Ahora que veo a tantísimo europeo dispuesto a abrirle su casa a los desplazados sirios, no puedo evitar preguntarme por qué razón no hicieron lo mismo con los peruanos que en los 80s y 90s huían despavoridos del país en busca de un lugar donde no los matara o Sendero Luminoso, o MRTA, o el Grupo COLINA, o la hiperinflación, o el hambre por desempleo. A nosotros, que fuimos colonia de país europeo y que compartimos cultura con los españoles, los europeos nos plantaron la visa Schengen para impedirnos la entrada, y nos decìan que íbamos a vivir a costillas de su Estado del Bienestar y a quitarles el trabajo :S Nos llamaron SUDACAS…

Agora que vejo tantos europeus dispostos a abrir as suas portas para os sírios deslocados, não consigo deixar de pensar sobre a razão pela qual não fizeram o mesmo com os peruanos nos anos 80 e 90, que fugiram do país aterrorizados à procura de um lugar onde não fossem assassinados pelo Sendero Luminoso, pelo Movimento Revolucionário Túpac Amaru (MRTA), pelo Grupo Colina, ou pela hiperinflação, ou pelo desemprego e fome. A nós, que somos uma colónia de um país europeu e partilhamos a nossa cultura com Espanha, deram-nos o visto de Schengen da Europa de forma a prevenir que entrássemos e disseram-nos que iríamos viver do seu Estado e roubar-lhes os empregos. E ainda no chamam de forma pejorativa de SUDACAS… 

Isabel criou também um meme que justapõe a foto original de Alan com o flagelo que sofrem os indígenas do Perú, argumentando que em ambos os casos a indiferença é mortal.

Alan não merecia morrer afogado. As nossas crianças não merecem morrer de frio. A necessidade é grande. Ollha à tua volta.

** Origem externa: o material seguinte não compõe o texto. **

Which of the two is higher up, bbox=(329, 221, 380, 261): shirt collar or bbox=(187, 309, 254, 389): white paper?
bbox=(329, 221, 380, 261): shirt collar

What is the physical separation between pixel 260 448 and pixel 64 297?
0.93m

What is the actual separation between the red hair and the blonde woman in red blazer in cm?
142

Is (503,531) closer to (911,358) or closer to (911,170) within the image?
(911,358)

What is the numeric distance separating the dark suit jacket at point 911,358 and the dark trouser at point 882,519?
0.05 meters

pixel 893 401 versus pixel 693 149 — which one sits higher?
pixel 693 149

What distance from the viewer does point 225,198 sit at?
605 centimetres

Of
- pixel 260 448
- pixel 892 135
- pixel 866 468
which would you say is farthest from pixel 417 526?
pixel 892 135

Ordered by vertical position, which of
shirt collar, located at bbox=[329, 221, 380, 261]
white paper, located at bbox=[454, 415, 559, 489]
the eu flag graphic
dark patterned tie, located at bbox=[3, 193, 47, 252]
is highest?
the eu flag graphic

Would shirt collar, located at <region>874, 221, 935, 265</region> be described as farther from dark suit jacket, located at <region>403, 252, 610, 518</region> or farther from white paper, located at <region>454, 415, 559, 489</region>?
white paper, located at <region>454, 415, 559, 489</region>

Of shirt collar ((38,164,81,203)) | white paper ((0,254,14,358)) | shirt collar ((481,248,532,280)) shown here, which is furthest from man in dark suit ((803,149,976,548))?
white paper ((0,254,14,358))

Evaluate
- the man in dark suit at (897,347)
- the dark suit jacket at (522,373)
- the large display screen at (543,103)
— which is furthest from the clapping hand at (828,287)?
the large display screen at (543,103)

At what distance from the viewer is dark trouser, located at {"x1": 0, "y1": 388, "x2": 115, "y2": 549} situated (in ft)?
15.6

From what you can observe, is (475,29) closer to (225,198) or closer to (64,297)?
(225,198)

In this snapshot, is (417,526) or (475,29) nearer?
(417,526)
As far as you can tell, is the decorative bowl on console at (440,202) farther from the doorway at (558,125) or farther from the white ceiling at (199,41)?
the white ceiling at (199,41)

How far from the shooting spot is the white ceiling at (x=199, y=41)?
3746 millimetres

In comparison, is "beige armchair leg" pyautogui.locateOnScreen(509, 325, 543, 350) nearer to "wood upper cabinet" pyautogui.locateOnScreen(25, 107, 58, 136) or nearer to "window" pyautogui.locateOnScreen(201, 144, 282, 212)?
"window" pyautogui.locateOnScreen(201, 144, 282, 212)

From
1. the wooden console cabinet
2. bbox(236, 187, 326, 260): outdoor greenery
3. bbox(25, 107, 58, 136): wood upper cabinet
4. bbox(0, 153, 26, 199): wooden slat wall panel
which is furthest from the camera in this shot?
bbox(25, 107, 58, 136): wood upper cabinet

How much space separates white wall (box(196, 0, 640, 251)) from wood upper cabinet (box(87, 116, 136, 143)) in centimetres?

Não significa que não se esteja a fazer nada para ajudar as crianças de Puno e ainda outras vítimas do frio, mas que existe mais que pode ser feito. Infelizmente, as comunidades das zonas alto-andinas necessitam de muita ajuda e têm pouco apoio do estado, apesar das boas intenções de muitos funcionários públicos.

O Ministro da Saúde, Velasquez, anunciou a chegada de mais médicos especializados para ajudarem a combater o frio.

Os nossos irmãos em Puno precisam da nossa ajuda. Podemos combater o frio ao doar roupas quentes e cobertores.

Ajuda humanitária tem ganho força e os ativistas estão a criar pequenas campanhas, mas inspiradoras, como a de um grupo de estudantes [27] no colégio Ricardo Bentín em Lima que, com a ajuda da professora, entregaram cascóis que tricotaram eles próprios às comunidades da região Ayacucho. A universidade ESAN também está a dirigir uma campanha [28] bem financiada que tem como alvo a situação ocorrente em Puno. E ainda, outros como @JuntosPorElPeru estão a ser operados a nível internacional:

Recolha de cobertores e roupas na Av Arequipa 3570 ao lado da câmara municipal.

Ainda existe muito a fazer. Enquanto muitos ainda não se juntaram à causa e outros continuam a ignorar a situação, as crianças nos Andes estão a morrer de frio.

15 crianças morrem na onda de frio peruana. As temperaturas extremas na região sul do país causou infeções respiratórias severas e pneumonia.